ASSIGNMENT: Entries follow. Return each line that contains the word "bilan".

THE INPUT:
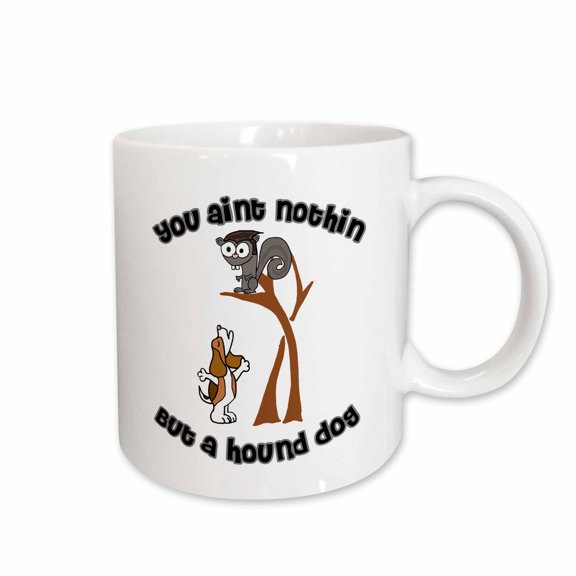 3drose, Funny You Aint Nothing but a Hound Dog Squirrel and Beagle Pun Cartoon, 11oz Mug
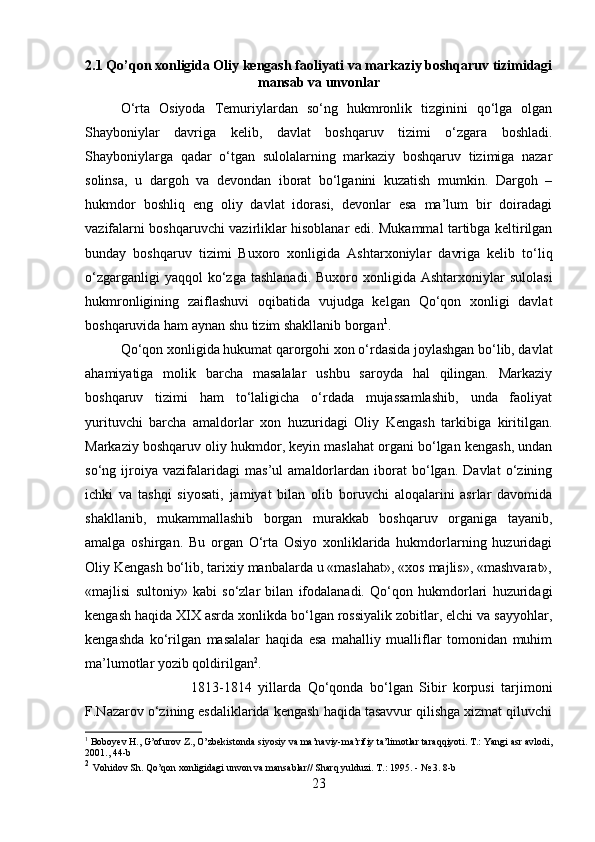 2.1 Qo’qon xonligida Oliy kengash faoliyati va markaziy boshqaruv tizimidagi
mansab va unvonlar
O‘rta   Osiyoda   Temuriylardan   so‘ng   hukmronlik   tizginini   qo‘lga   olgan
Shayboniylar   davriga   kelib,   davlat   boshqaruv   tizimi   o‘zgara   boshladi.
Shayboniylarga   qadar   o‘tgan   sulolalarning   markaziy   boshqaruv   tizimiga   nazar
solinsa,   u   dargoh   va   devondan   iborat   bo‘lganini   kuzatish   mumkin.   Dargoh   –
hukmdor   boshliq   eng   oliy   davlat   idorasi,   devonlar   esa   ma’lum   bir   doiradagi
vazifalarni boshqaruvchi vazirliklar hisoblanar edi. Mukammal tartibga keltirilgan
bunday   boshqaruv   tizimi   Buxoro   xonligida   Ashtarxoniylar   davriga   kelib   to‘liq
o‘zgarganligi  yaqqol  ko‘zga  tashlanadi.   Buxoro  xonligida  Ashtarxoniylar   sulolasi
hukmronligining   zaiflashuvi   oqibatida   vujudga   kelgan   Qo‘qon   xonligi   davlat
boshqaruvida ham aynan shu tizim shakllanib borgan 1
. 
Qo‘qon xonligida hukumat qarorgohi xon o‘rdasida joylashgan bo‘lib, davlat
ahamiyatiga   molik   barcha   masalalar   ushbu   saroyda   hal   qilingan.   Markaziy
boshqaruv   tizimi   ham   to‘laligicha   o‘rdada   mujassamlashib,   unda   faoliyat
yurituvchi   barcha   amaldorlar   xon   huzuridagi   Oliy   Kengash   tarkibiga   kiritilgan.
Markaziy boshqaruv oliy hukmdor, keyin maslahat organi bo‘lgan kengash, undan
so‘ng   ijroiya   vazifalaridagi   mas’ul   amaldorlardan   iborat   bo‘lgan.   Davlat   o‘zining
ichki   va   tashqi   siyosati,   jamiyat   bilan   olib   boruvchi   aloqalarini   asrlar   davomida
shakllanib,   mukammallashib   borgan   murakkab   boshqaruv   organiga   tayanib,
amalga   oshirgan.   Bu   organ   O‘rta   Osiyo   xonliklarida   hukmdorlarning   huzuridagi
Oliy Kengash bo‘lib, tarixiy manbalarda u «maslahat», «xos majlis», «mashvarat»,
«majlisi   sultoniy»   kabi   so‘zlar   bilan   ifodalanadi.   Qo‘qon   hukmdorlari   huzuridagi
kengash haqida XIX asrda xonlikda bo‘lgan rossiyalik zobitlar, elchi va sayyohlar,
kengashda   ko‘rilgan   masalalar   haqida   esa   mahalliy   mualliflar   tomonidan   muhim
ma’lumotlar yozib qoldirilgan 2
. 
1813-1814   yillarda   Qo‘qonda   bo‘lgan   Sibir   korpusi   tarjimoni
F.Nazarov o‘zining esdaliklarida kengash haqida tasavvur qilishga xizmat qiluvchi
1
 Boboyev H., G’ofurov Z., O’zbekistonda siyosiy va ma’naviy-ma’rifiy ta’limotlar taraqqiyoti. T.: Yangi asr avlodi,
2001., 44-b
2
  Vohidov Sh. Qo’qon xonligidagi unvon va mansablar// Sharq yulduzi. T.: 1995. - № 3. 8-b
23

==

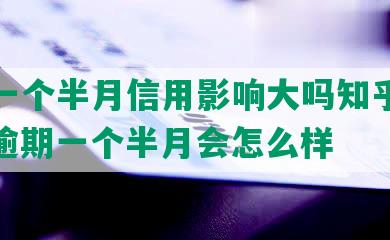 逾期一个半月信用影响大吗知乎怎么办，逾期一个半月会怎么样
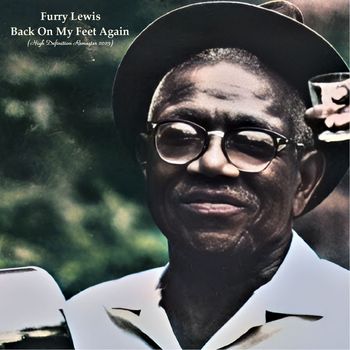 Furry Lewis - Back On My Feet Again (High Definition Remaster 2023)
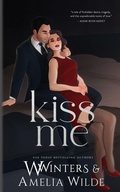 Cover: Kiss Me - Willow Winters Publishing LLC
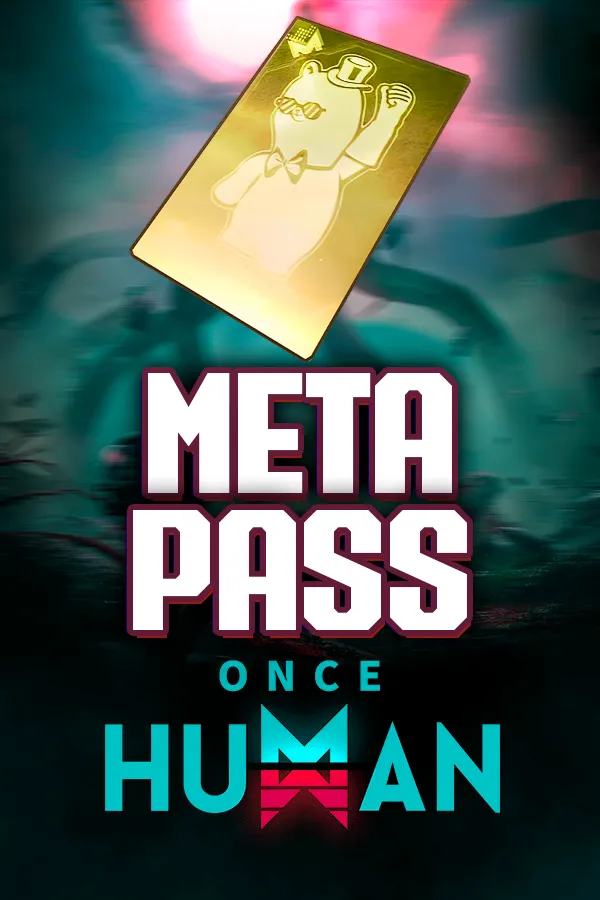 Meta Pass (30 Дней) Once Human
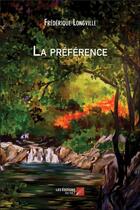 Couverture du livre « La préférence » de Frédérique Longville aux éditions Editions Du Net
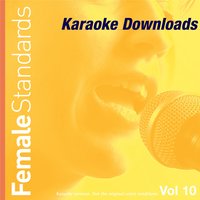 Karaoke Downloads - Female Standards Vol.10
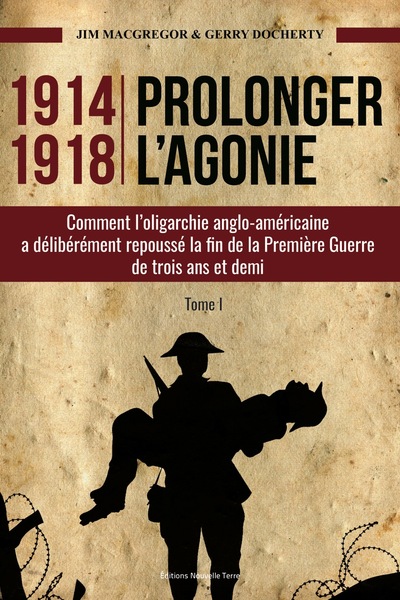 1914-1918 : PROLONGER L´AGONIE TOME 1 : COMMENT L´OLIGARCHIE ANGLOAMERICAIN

* * *

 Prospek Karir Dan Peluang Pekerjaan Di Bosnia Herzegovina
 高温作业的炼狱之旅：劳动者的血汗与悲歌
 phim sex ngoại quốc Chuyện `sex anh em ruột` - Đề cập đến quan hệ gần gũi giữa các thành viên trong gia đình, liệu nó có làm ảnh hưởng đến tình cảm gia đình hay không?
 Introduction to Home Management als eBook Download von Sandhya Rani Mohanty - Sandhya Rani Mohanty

TASK OUTPUT:
ichki   va   tashqi   siyosati,   jamiyat   bilan   olib   boruvchi   aloqalarini   asrlar   davomida
«majlisi   sultoniy»   kabi   so‘zlar   bilan   ifodalanadi.   Qo‘qon   hukmdorlari   huzuridagi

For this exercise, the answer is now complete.